Upgrading from 2.0.0.rc2 to 2.0.0 or 1.3.20 to 1.4.0

In previous versions of Thinking Sphinx, it was valid to put attribute filters in either :with or :conditions. For a long while, filters in :conditions has been clearly flagged as deprecated, and since 1.4.0 and 2.0.0 it is now removed.

You can still use :with for attribute filters and :conditions for field-focused queries.

Upgrading from between 1.3.6 and 1.3.17

If you’re using excerpts, for this set of versions they were automatically HTML-escaped. This is now no longer the case, as Sphinx can take care of this automatically for both indexing and excerpts. Just turn on the html_strip value in your sphinx.yml file:

html_strip: true

Upgrading from between 1.3.3 and 1.3.7

You no longer have to specify an explicit Sphinx version when requiring Thinking Sphinx - it will figure it out itself. So, you can remove the version require statement from your Rakefile, and remove the version suffix in your gem setup in environment.rb.

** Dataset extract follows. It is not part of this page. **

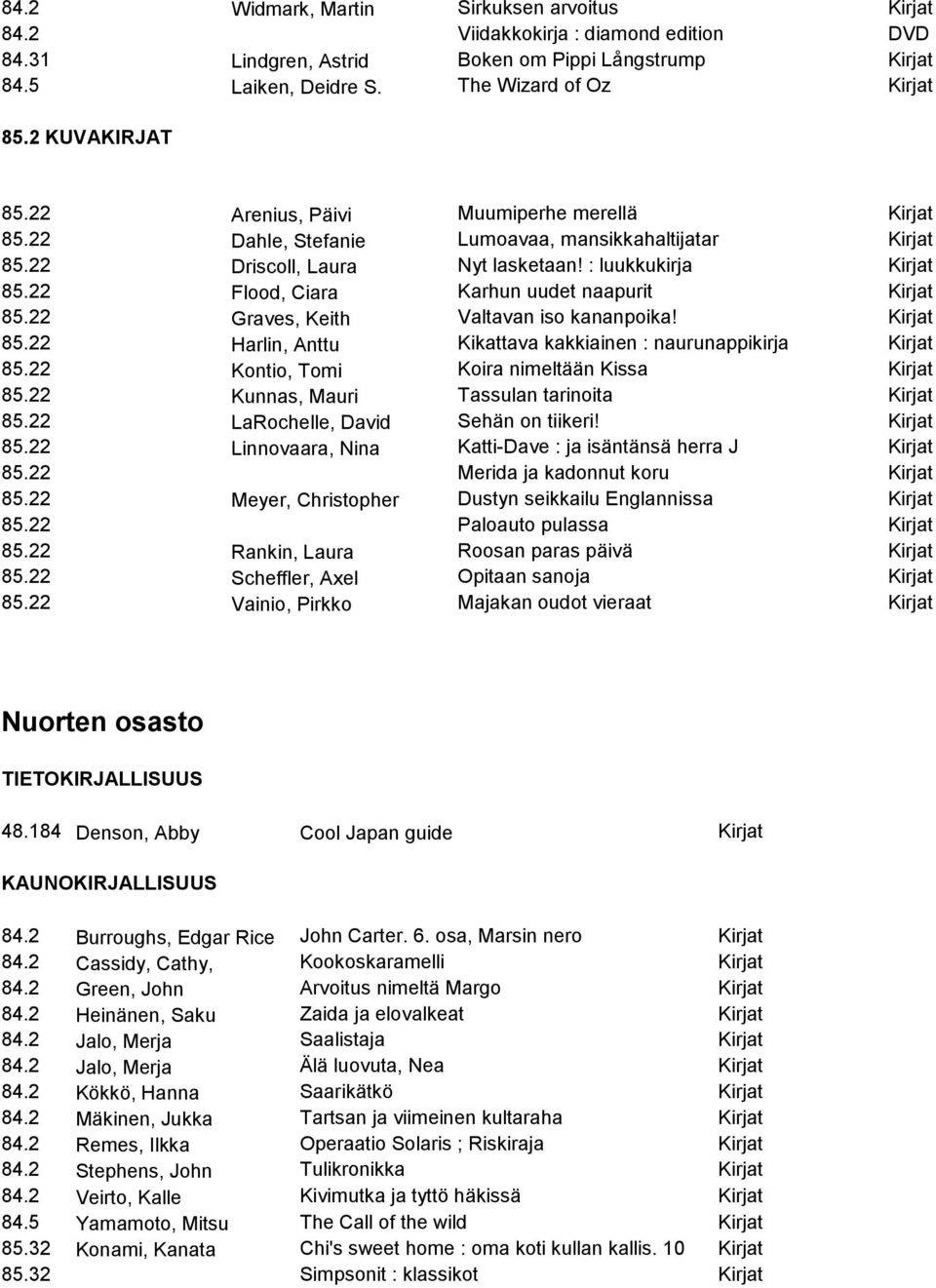 22 Flood, Ciara Karhun uudet naapurit Kirjat 85.22 Graves, Keith Valtavan iso kananpoika! Kirjat 85.22 Harlin, Anttu Kikattava kakkiainen : naurunappikirja Kirjat 85.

Upgrading from 1.3.2 or earlier (when using Sphinx 0.9.9)

If you’ve been using the sphinx-0.9.9 branch from GitHub or the thinking-sphinx-099 gem, there is now just one version of Thinking Sphinx that works for both versions (and automatically detects which version you have). The installation page provides a good overview of the new setup.

config.gem(
  'thinking-sphinx',
  :lib     => 'thinking_sphinx',
  :version => '1.3.8'
)

Upgrading from 1.2.13 or earlier

With the advent of Thinking Sphinx 1.3.0, the delayed and datetime delta approaches are now in separate gems. Also, Delayed Job is no longer vendored in Thinking Sphinx, so you may need to install it as a gem or plugin as well.

The delta page has been updated to reflect these changes, so have a read through that to figure out how to make sure your application will still work.

If you’re not using deltas, or only using the default delta approach, then this change does not affect you.

Upgrading from 1.1.17 or earlier

In versions of Thinking Sphinx before 1.1.18, the morphology/stemmer defaulted to stem_en (English). Obviously, not every website uses the English language, so this setting has been removed, with no stemmer as the default.

If you would like to keep stem_en as your stemmer, you’ll need to add it to your config/sphinx.yml file:

development:
  morphology: stem_en
test:
  morphology: stem_en
production:
  morphology: stem_en

To get a better understanding of stemmers, I recommend reading Sphinx’s documentation.